Ketua Harian Serikat Perusahaan Pers (SPS) Januar Primadi Ruswita ketika dihubungi Kompas pada Rabu (29/7/2020), mengatakan, banyak media cetak kini hidup dari tabungan yang tentu ada batasnya. Banyak media cetak yang merampingkan organisasinya untuk bertahan.
Pada April 2020 saja, berdasarkan survei SPS, omzet mayoritas anggota SPS turun lebih dari 40 persen selama pandemi Covid-19 dibandingkan pada periode sama tahun 2019. Karena itu, insentif pemerintah diharapkan dapat mengatasi ancaman penutupan industri media dan PHK akibat pandemi ini.
”Memang sudah seharusnya negara hadir menjaga keberlangsungan industri media ini mengingat peran media sangat penting dalam situasi penanggulangan Covid-19,” kata Januar.
Tetap independen
Pemerintah berjanji segera mengucurkan tujuh insentif kepada industri media. Selain pembebasan Pajak Penghasilan (PPh) karyawan yang berpenghasilan hingga Rp 200 juta per tahun, juga ada penghapusan Pajak Pertambahan Nilai (PPN) untuk kertas koran.

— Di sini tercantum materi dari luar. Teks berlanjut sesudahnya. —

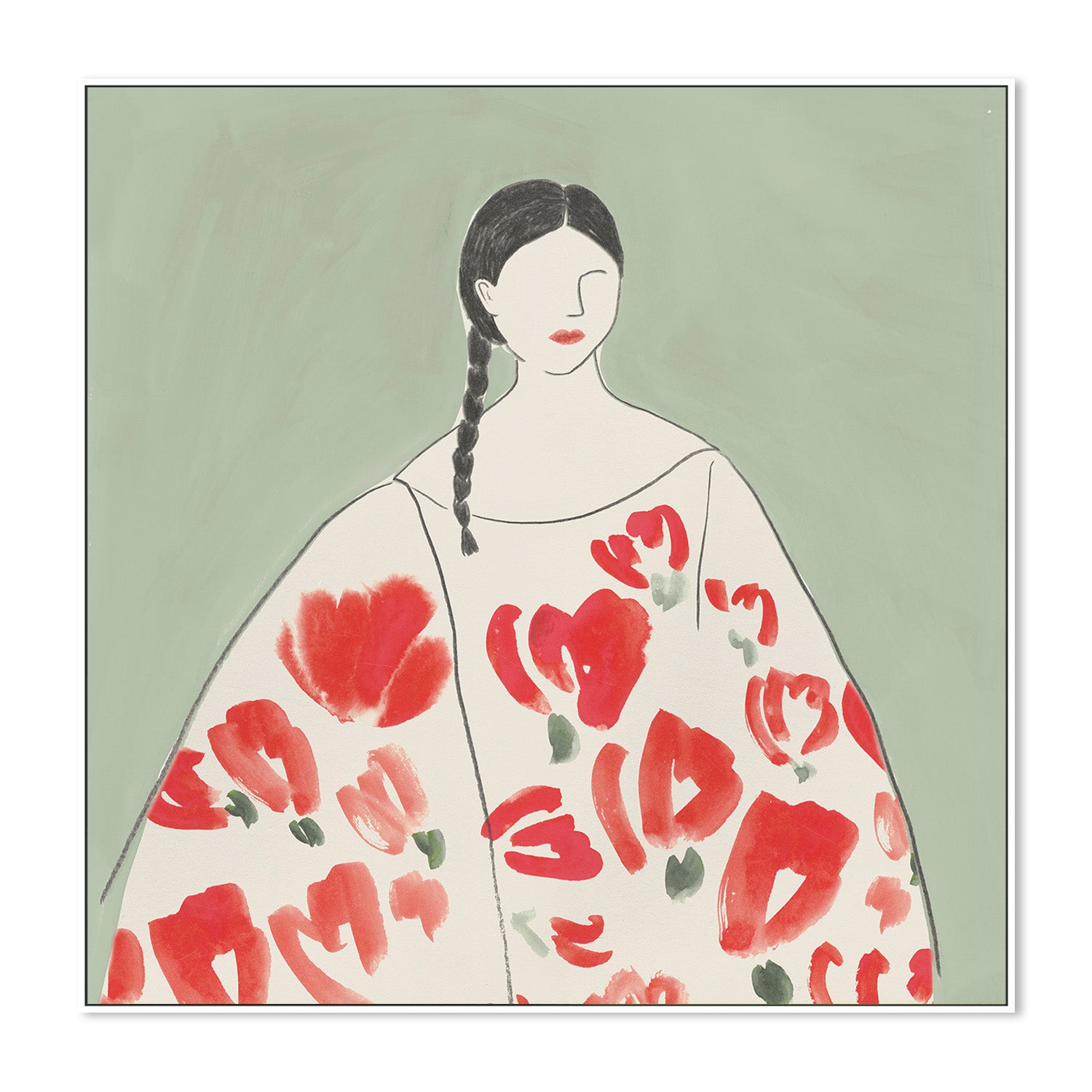wall-art-print-canvas-poster-framed-Floral Woman, Style A , By Lily K-5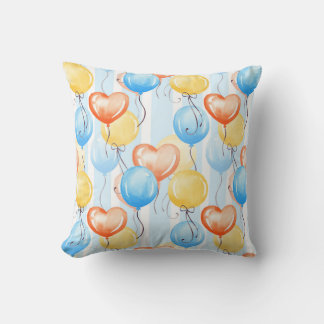 Coussin Ballons colorés : aquarelle couleur motif sans cou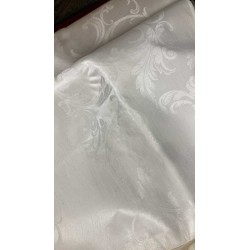 Tovaglia lavorazione a damasco bianco a motivi floreali proveniente dallo Schloss Klessheim and Gastenhaus der Fuhrer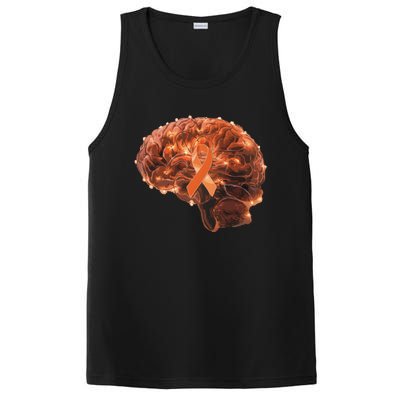 Brain Art Orange Ribbon Multiple Sclerosis Awareness Gift PosiCharge Competitor Tank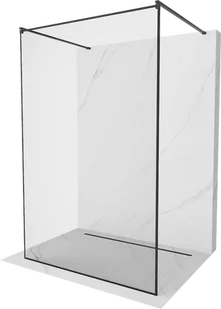 Mexen Kioto ścianka prysznicowa wolnostojąca Walk-in 150 x 200 cm, transparent/czarny wzór 8 mm, czarna - 800-150-002-70-70 - Ścianki i drzwi prysznicowe - miniaturka - grafika 1
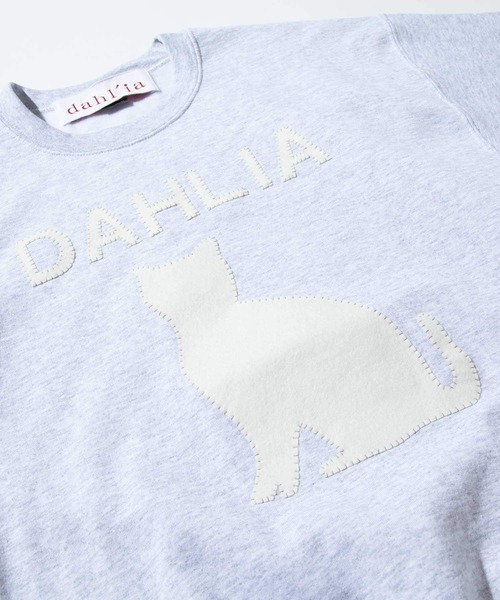 dahl'ia（ダリア）の「dahl’ia 別注 リメイクSWT animal CAT / ダリア リメイクスウェット アニマルキャット（スウェット・レディース・ホワイト/グレー/ブルー・FREE）」の7枚目の写真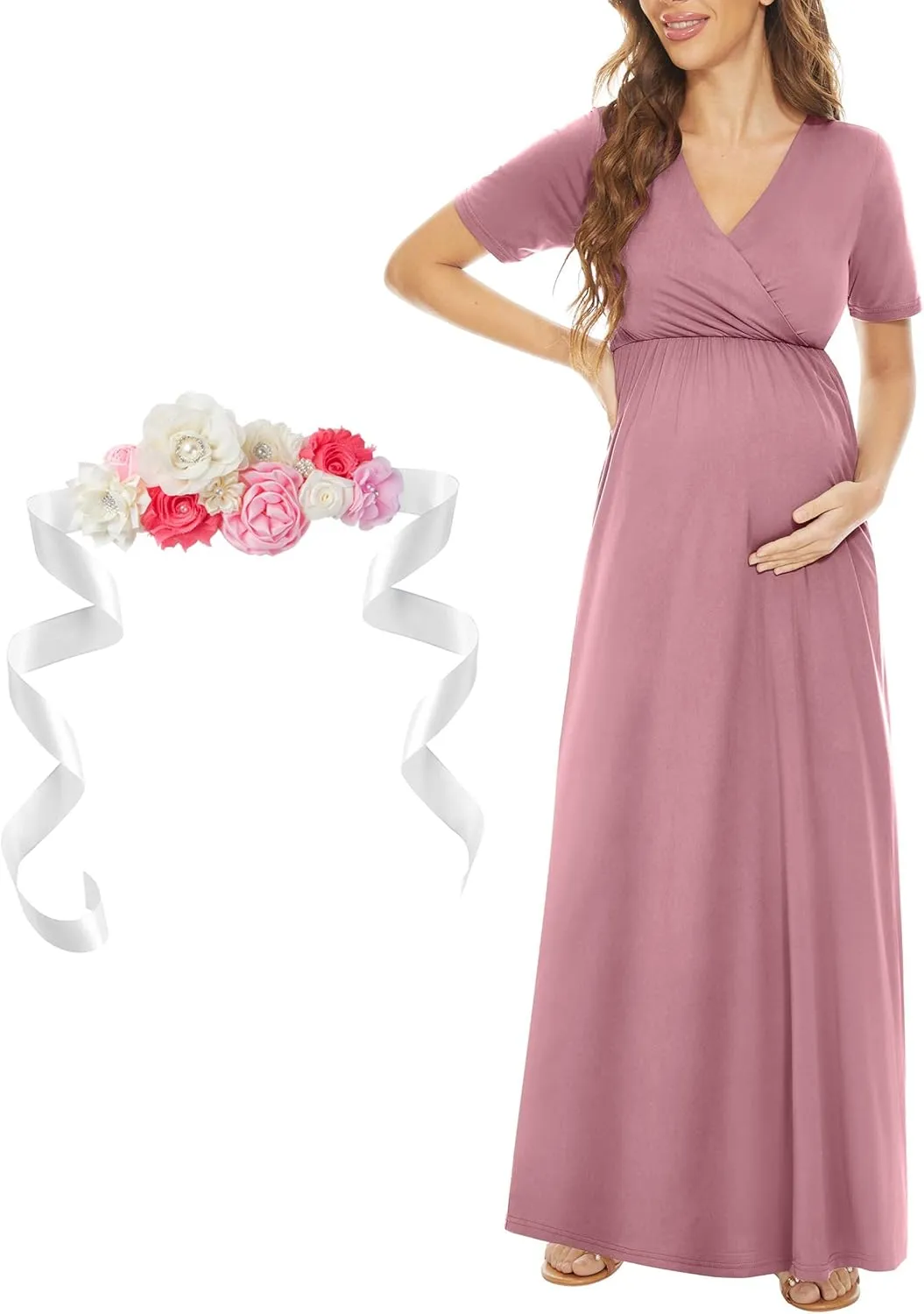KIM S Maternity Maxi Dress with Flower Sash(S-3XL)/Wrapped Ruched V Neck Photoshoot Baby Shower Dresses
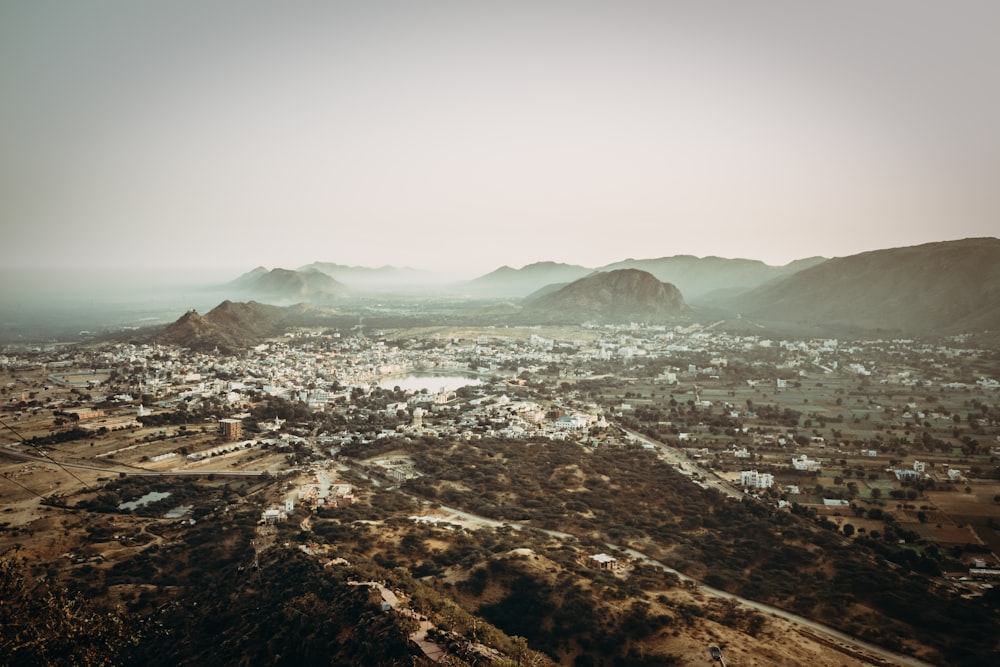 aerial view photography of village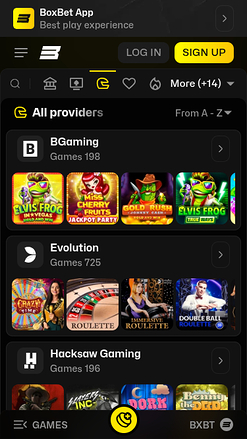 BoxBet Casino mobile Spieleentwickler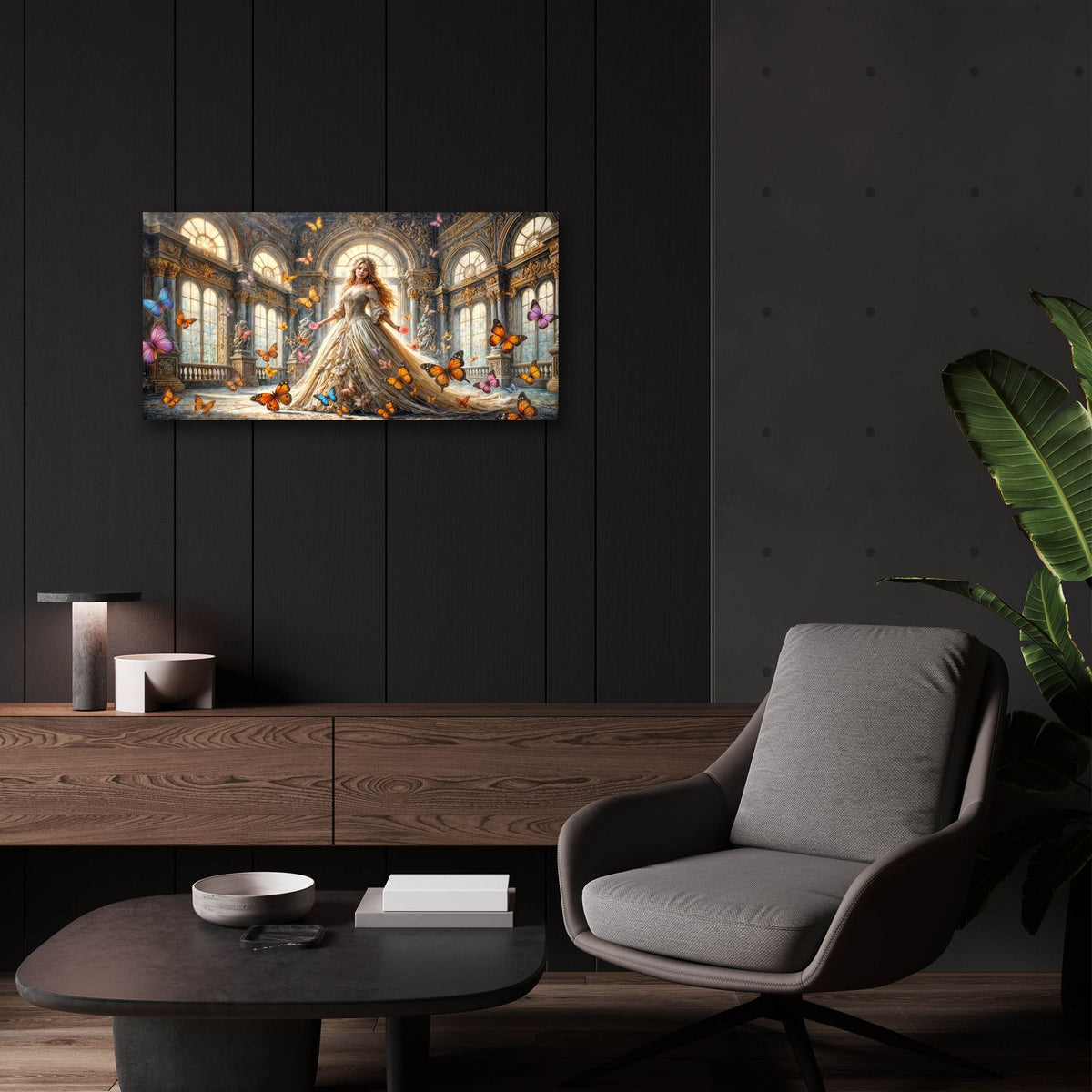 Princess & Butterflies by Rey Klimt - 24x12 acrylic wall art in a room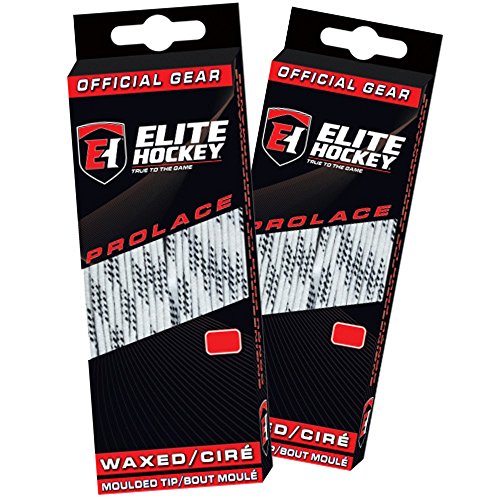 Elite Hockey Prolace gewachste Hockey-Schnürsenkel – Set mit 2 Paar (weiß, 330,2 cm) von Elite Hockey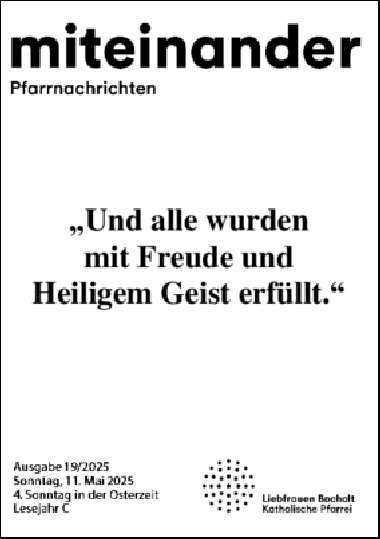 Aktuelle Pfarrnachrichten miteinander vom 09.05.25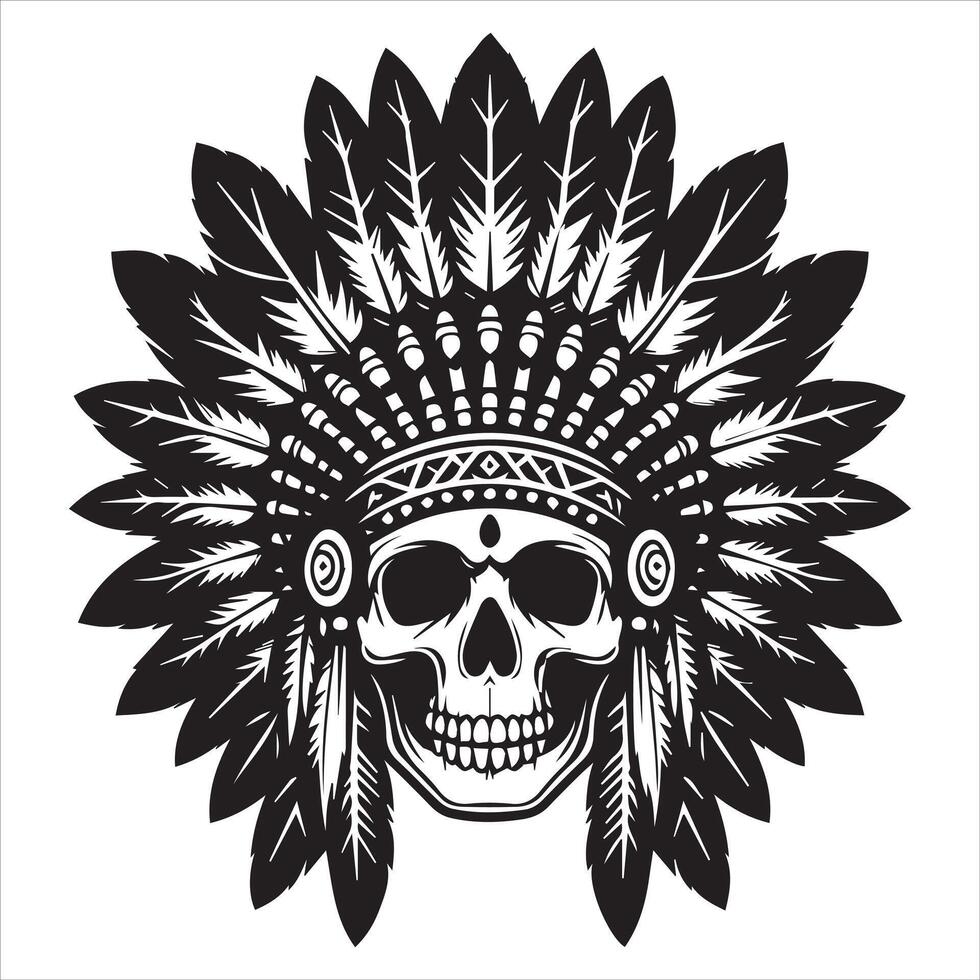 Native Headdress Skull Art for Artistic Project vector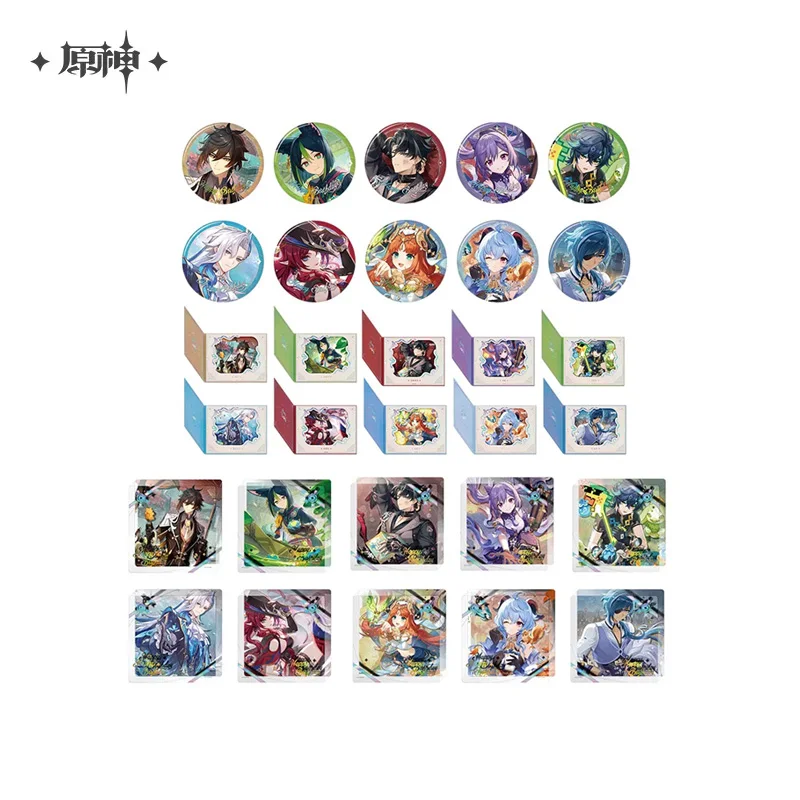 Presale Sunsyea Genshin Impact Official Merch miHoYo Original 2025 Birthday Series 4 Acrylic Coaster Badge Wriothesley Zhongli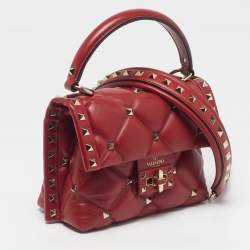 Pre Owned Valentino Candystud Red Quilted Leather Top Handle Bag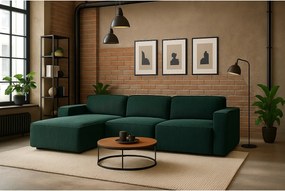 Narożnik w kształcie L Cursal, tkanina Poso, Zielony, Lewy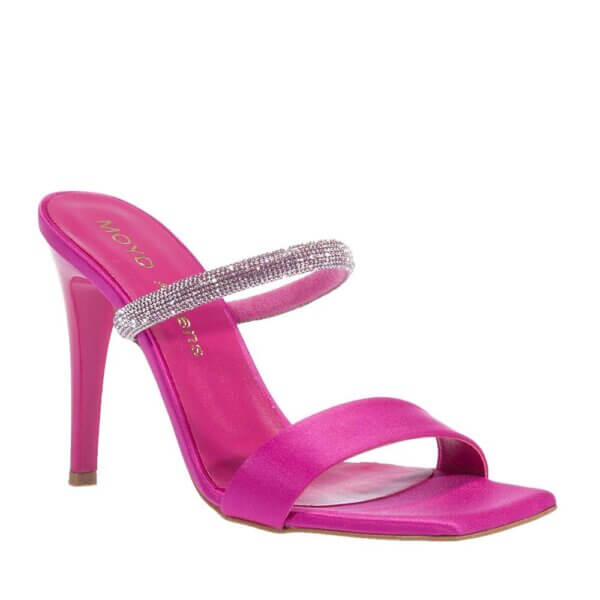 MOYO M460 FUCHSIA MULES WITH STRASS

Beberapa insentif lainnya berupa alokasi anggaran belanja iklan terutama Iklan Layanan Masyarakat kepada media lokal, keringanan cicilan pajak, serta penundaan pembayaran listrik, iuran Badan Penyelenggara Jaminan Sosial (BPJS) Ketenagakerjaan, dan iuran BPJS Kesehatan.
Dengan pemberian insentif tersebut, kata Ketua Komisi Pengaduan dan Penegakan Etika Dewan Pers Arif Zulkifli, bukan justifikasi pemerintah untuk mengekang media melakukan kritik. Demikian juga, itu bukan alasan media untuk mengendurkan kritik kepada pemerintah.
”Praktik serupa (pemberian insentif kepada industri media) dijalankan di banyak negara, bahkan di Inggris diinisiasi oleh DPR (Dewan Perwakilan Rakyat). Media harus dibantu, kalau itu tidak dilakukan, siapa yang akan mengontrol pemerintah. Relaksasi (insentif) diberikan oleh negara melalui pemerintah,” kata Arif dalam diskusi tersebut.
Luviana Ariyanti dari Konde.co, yang juga anggota AJI Jakarta, mengatakan, sebagai warga negara, dirinya tidak rela insentif tersebut juga diberikan kepada perusahaan media yang melakukan PHK atau bentuk kekerasan lain, termasuk dalam pemberitaan. Meski banyak media yang kredibel, tak sedikit juga yang mengedepankan sensasional, kekerasan, dan diskriminatif dalam pemberitaan.
”Apakah kita akan membantu media yang semena-mena terhadap jurnalis?” kata dia. Mengutip Roy Thaniago dalam opini di harian Kompas, Luviana menilai perlu ada skema jangka panjang untuk membantu industri media. Salah satunya dengan membentuk badan independen yang mengelola dana bagi jurnalisme seperti di Jerman.